[[ INPUT FOR THIS TASK open ]]

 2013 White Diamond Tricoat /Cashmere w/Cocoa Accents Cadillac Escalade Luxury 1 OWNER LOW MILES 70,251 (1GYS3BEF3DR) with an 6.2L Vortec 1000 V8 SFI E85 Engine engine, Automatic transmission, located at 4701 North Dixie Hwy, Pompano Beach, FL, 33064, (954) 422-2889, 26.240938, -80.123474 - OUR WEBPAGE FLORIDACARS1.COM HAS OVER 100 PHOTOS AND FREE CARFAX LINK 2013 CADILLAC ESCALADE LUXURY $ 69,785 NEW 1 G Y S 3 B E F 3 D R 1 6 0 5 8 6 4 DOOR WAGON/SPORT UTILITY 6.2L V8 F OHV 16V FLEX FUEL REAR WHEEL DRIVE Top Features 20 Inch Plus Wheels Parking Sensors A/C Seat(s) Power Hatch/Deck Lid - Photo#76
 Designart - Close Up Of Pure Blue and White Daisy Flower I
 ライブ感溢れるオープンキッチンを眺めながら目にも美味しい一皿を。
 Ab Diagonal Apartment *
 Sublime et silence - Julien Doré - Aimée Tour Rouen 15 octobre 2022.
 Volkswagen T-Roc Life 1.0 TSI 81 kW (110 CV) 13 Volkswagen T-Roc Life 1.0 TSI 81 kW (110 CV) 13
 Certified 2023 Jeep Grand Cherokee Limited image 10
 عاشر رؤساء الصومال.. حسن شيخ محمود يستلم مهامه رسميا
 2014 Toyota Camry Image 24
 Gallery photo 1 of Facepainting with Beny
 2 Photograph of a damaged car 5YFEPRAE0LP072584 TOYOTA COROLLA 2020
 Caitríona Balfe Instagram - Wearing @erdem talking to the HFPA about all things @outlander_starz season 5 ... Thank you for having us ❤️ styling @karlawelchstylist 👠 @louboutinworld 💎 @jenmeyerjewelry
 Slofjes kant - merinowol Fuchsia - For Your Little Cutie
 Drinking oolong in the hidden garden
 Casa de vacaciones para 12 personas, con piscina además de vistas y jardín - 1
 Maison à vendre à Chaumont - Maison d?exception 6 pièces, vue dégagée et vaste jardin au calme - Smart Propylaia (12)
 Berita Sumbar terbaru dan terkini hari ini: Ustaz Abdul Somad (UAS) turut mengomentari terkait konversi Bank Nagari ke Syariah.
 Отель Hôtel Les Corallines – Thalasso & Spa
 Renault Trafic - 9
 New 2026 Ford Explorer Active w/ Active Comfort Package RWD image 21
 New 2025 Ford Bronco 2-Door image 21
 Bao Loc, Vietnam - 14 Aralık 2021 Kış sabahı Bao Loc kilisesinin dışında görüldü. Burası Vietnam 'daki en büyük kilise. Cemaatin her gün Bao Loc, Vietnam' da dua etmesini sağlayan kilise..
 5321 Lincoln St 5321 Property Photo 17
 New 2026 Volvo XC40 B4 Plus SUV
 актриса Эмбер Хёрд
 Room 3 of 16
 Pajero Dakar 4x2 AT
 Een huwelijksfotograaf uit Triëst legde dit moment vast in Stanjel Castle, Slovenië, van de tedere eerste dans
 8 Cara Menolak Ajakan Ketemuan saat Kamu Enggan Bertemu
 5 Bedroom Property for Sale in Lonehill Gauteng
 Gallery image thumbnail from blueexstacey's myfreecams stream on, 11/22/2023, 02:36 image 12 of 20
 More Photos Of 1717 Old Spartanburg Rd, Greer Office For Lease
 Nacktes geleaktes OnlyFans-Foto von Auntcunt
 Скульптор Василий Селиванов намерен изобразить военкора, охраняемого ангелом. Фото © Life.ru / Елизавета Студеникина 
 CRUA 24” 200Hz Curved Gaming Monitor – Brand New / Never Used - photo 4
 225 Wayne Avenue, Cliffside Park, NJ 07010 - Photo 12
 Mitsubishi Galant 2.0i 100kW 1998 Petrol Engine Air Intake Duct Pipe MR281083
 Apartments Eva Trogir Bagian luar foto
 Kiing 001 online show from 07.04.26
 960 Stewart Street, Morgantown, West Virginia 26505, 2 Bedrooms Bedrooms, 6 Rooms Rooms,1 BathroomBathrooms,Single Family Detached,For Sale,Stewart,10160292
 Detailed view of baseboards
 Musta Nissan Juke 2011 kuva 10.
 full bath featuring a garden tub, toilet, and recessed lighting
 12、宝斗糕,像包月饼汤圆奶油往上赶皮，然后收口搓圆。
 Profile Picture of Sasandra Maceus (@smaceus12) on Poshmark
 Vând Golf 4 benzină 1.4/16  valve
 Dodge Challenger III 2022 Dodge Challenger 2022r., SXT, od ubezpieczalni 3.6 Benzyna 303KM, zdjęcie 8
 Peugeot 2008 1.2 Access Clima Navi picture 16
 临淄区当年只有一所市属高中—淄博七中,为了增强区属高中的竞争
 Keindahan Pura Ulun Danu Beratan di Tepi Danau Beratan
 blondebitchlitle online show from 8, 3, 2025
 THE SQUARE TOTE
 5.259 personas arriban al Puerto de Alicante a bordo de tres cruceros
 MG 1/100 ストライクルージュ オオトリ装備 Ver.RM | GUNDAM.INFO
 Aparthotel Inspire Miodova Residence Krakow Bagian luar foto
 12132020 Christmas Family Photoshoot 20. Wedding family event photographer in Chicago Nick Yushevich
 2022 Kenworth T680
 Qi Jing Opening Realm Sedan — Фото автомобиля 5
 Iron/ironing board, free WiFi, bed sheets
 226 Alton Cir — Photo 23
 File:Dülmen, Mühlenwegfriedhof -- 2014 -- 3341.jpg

[[ INPUT FOR THIS TASK closed ]]

== ABOUT THIS EXERCISE ==
In the records, find every line that has the string "Life" and copy it.

== TASK RESPONSE ==
 Volkswagen T-Roc Life 1.0 TSI 81 kW (110 CV) 13 Volkswagen T-Roc Life 1.0 TSI 81 kW (110 CV) 13
 Скульптор Василий Селиванов намерен изобразить военкора, охраняемого ангелом. Фото © Life.ru / Елизавета Студеникина 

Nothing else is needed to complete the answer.